Family and household structures differ dramatically across nations and cultures, across lines of racial, ethnic, sexual and gender diversity and across socioeconomic classes. Marriage, while often a laudable social institution, isn’t always the best or only choice for couples, families or friends. Employers should acknowledge, recognize and protect the diversity of their employees, their lives and experiences. By doing so, employers would essentially ensure their employees, their families, their children, our neighborhoods and our communities are stronger, more vibrant, more healthy and more active in creating the kinds of societies that flourish when individuals, families and others are empowered to achieve their fullest and best potential.
Some who steadfastly support so-called traditional marriage might balk at my suggestion here. They’ll likely say it undervalues, undercuts or de-emphasizes marriage. But I don’t believe — and I certainly don’t think the reality of our lived experiences reflect — that marriage and only marriage is solely responsible for contributing to longtime stability in families, neighborhoods and communities. Maybe once it did, when women were property and the power in marriage rested solely with men. But not anymore. A look at the divorce rate is just one sign among many of an institution not adequately or inclusively built for all people or all families’ needs.
Others will think my suggestion will carry a high price tag, but we shouldn’t allow financial costs to stand in the way of creating more empowered and healthy — and therefore more productive and happy — people, neighborhoods and communities. In reality, previous expansions of benefits have cost very little. That’s despite claims of skyrocketing healthcare costs from those once opposed to same-gender benefits. In Charlotte, only 17 people had signed up for domestic partner benefits.
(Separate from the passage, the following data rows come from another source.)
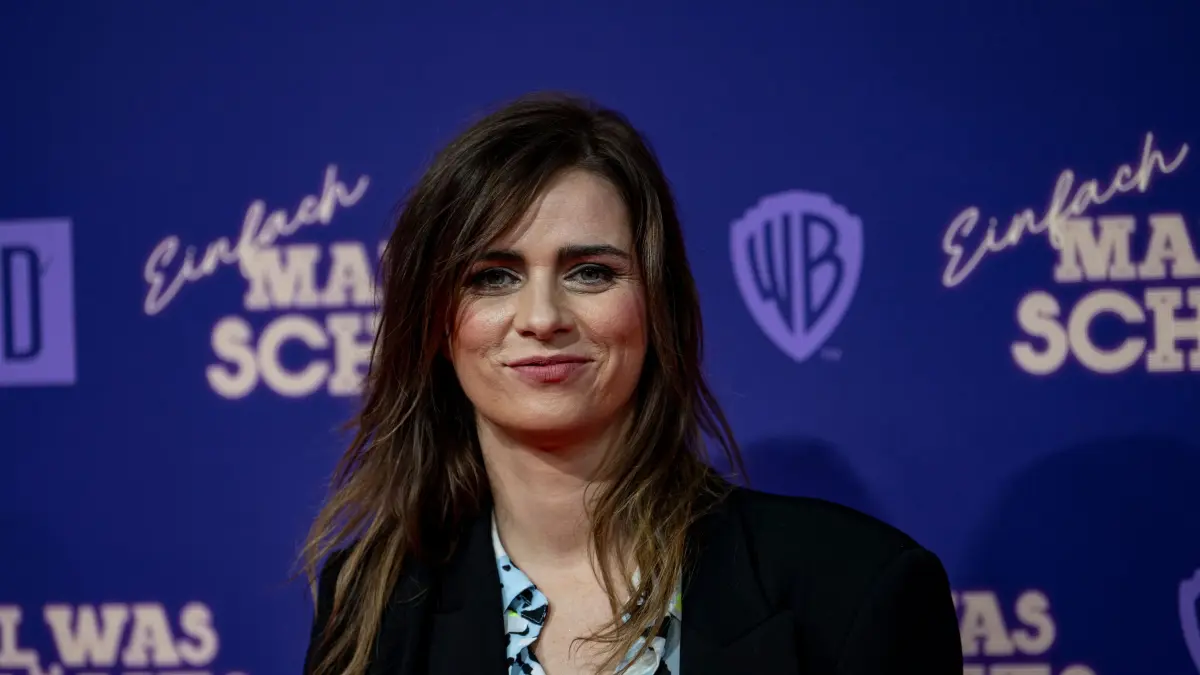 Nora Tschirner, Schauspielerin, kommt zur Weltpremiere des Kinofilms "Einfach mal was Schönes" in der UCI Kinowelt Zoo Palast. Tschirner hat in der ZDF-Show «Dalli Dalli» nach einem Unfall ein Spiel wegen einer Verletzung abgebrochen. (zu dpa: "Nora Tschirner in ZDF-Show verletzt - «Lustigster Unfall der Welt»") +++ dpa-Bildfunk +++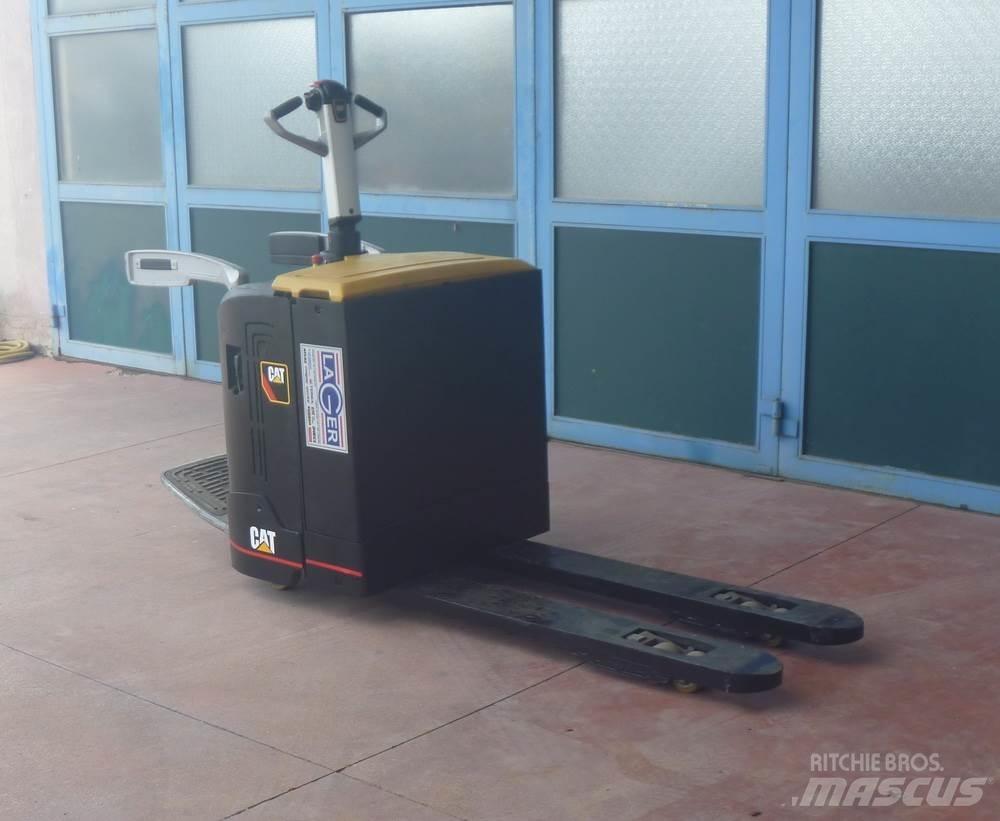 CAT NPV20N Transpallet manuale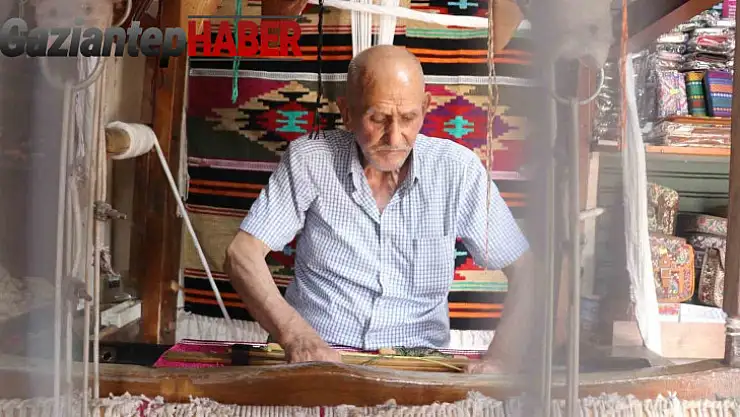 Babasından öğrendiği kilim dokuma mesleğini 3 metrekarelik dükkanında yaşatıyor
If we truly care about creating a safe, healthy city for all our people, the city and county should lead by example. They should do what they can — something as small as an expansion in domestic partner benefits — to further stem the tide of poverty in a metro area ranked at the bottom for economic mobility.
When we recognize, protect and cherish the full diversity of all people and their families and households — including the extension of legal, financial, healthcare and other protections — the result can only be positive.